I found out much later this was the case. He was partying hard and having a big ol' time, there was even a visit or two to a strip club in there.

So, I drew back. I missed him personally, and also his help with the kids and household. I told him I'd drawn back and he felt hurt! What did he expect? I was in survival mode with three little kids and all their demands, I didn't have the freedom to moon around missing him.

So, that's an example of a normal downturn of the flow of loving energy in a long term relationship. It's only when the loving feelings get so minimal, and the resentment and hurtfulness increases to a high degree, that your relationship is surely in trouble and you need to make some choices. I hope you bring this up with your wife. It could be you were "too" entangled before, and what you're missing isn't love per se, but codependency.
 
Hi zigzag,

I am thinking that the distance you're feeling from Angel is a kind of coping mechanism for getting used to something you never had to get used to before. For the first time in your life, Angel has someone else. That can come as quite a shock to your system, even if it happened over the course of a year.

On some level, you may have a fear that Angel will start to like Wolf better and then peel away from you. Perhaps the distance you're feeling is your subconscious trying to prepare you for losing Angel. The fear probably isn't necessary, but we can't be 100% sure.

I think that the bottom line is, you are feeling more alone than you used to feel (before Wolf came along). Loneliness can hurt, unless you erect fences around yourself and become more cool and aloof. Whether it's a way to cope with the here and now, or what's possible in the future, or both, the coping mechanism is there to shield you from the possibility of pain.

It's probably not too harmful. It's probably like a permanent scar that grows over a penetrating injury.

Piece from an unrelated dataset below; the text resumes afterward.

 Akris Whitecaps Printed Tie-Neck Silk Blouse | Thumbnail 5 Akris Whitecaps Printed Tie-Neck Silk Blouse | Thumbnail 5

The scar probably isn't needed and doesn't do you that much good, but it probably doesn't harm you a lot either. It just adds a swatch of rugged character to your emotional self.

If it grows into a cancer, then you have a problem. But I don't think that has happened, at least not right now. Keep an eye on it, but don't let it keep you up at night. It's nothing you're doing on purpose, so don't feel bad about it. Humans are imperfect organisms, and tend to adapt to foreign circumstances in imperfect ways. Which is okay, in my view.

Hopefully that helps ...
Sincerely,
Kevin T.
 
You popped into my mind today - hope you're doing well, zigzag.